Entries taken from a collection:
== Segment start ==

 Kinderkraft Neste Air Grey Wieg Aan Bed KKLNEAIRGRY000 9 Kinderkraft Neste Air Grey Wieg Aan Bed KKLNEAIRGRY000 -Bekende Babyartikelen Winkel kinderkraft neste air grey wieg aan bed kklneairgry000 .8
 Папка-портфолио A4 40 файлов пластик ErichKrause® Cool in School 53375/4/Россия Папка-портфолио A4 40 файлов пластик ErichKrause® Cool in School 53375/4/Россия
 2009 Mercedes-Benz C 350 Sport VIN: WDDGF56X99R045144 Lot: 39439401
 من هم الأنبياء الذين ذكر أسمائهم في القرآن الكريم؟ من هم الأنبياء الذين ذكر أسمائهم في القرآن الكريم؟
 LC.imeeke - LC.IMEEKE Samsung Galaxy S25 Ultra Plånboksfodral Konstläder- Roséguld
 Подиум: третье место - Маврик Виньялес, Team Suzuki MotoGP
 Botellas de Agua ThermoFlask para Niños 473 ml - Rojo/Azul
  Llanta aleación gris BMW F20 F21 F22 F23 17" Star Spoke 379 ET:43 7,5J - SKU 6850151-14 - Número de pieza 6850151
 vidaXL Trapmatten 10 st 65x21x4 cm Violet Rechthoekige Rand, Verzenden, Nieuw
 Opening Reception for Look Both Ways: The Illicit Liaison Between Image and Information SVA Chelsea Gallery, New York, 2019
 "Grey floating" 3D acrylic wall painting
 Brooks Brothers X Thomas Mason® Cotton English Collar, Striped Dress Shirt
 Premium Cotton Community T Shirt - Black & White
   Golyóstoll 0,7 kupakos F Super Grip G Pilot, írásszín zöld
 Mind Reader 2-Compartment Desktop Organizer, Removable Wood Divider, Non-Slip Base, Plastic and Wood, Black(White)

== Segment end ==

Your objective:
If a line comes after the one containing "Premium Cotton Community", leave it out; set down every line of the data before it, and that line itself, exactly.

Worked solution:
 Kinderkraft Neste Air Grey Wieg Aan Bed KKLNEAIRGRY000 9 Kinderkraft Neste Air Grey Wieg Aan Bed KKLNEAIRGRY000 -Bekende Babyartikelen Winkel kinderkraft neste air grey wieg aan bed kklneairgry000 .8
 Папка-портфолио A4 40 файлов пластик ErichKrause® Cool in School 53375/4/Россия Папка-портфолио A4 40 файлов пластик ErichKrause® Cool in School 53375/4/Россия
 2009 Mercedes-Benz C 350 Sport VIN: WDDGF56X99R045144 Lot: 39439401
 من هم الأنبياء الذين ذكر أسمائهم في القرآن الكريم؟ من هم الأنبياء الذين ذكر أسمائهم في القرآن الكريم؟
 LC.imeeke - LC.IMEEKE Samsung Galaxy S25 Ultra Plånboksfodral Konstläder- Roséguld
 Подиум: третье место - Маврик Виньялес, Team Suzuki MotoGP
 Botellas de Agua ThermoFlask para Niños 473 ml - Rojo/Azul
  Llanta aleación gris BMW F20 F21 F22 F23 17" Star Spoke 379 ET:43 7,5J - SKU 6850151-14 - Número de pieza 6850151
 vidaXL Trapmatten 10 st 65x21x4 cm Violet Rechthoekige Rand, Verzenden, Nieuw
 Opening Reception for Look Both Ways: The Illicit Liaison Between Image and Information SVA Chelsea Gallery, New York, 2019
 "Grey floating" 3D acrylic wall painting
 Brooks Brothers X Thomas Mason® Cotton English Collar, Striped Dress Shirt
 Premium Cotton Community T Shirt - Black & White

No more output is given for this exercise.